Assigned task.
The records follow. Filter them to the lines that hold "Women".

Material for this task.
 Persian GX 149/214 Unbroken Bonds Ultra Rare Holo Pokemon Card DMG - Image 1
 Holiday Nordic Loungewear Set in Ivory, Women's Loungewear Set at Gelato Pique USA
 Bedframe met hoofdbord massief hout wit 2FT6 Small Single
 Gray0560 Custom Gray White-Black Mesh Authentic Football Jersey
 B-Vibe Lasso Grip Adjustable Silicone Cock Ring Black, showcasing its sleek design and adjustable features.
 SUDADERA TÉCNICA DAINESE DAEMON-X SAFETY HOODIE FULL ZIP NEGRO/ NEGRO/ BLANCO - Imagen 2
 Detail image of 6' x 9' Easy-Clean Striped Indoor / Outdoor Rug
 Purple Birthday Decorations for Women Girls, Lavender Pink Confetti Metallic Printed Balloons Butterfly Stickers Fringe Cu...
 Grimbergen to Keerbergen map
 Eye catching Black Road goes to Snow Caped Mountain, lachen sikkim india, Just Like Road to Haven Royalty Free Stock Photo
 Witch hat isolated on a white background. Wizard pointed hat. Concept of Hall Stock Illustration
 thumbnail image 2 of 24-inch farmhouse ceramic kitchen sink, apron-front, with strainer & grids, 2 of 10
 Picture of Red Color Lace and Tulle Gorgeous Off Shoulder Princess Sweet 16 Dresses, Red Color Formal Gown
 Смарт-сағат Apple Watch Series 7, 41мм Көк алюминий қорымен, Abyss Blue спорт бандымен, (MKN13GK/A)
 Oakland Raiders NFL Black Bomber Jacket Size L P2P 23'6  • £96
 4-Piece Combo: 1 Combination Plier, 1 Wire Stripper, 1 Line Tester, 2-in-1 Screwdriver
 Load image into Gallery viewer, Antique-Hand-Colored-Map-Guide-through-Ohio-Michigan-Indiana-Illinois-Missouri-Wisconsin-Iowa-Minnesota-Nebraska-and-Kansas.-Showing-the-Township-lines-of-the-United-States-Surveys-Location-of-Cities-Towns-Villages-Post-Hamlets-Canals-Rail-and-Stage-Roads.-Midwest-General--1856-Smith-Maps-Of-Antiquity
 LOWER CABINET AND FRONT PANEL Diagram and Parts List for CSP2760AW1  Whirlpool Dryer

Solution.
 Holiday Nordic Loungewear Set in Ivory, Women's Loungewear Set at Gelato Pique USA
 Purple Birthday Decorations for Women Girls, Lavender Pink Confetti Metallic Printed Balloons Butterfly Stickers Fringe Cu...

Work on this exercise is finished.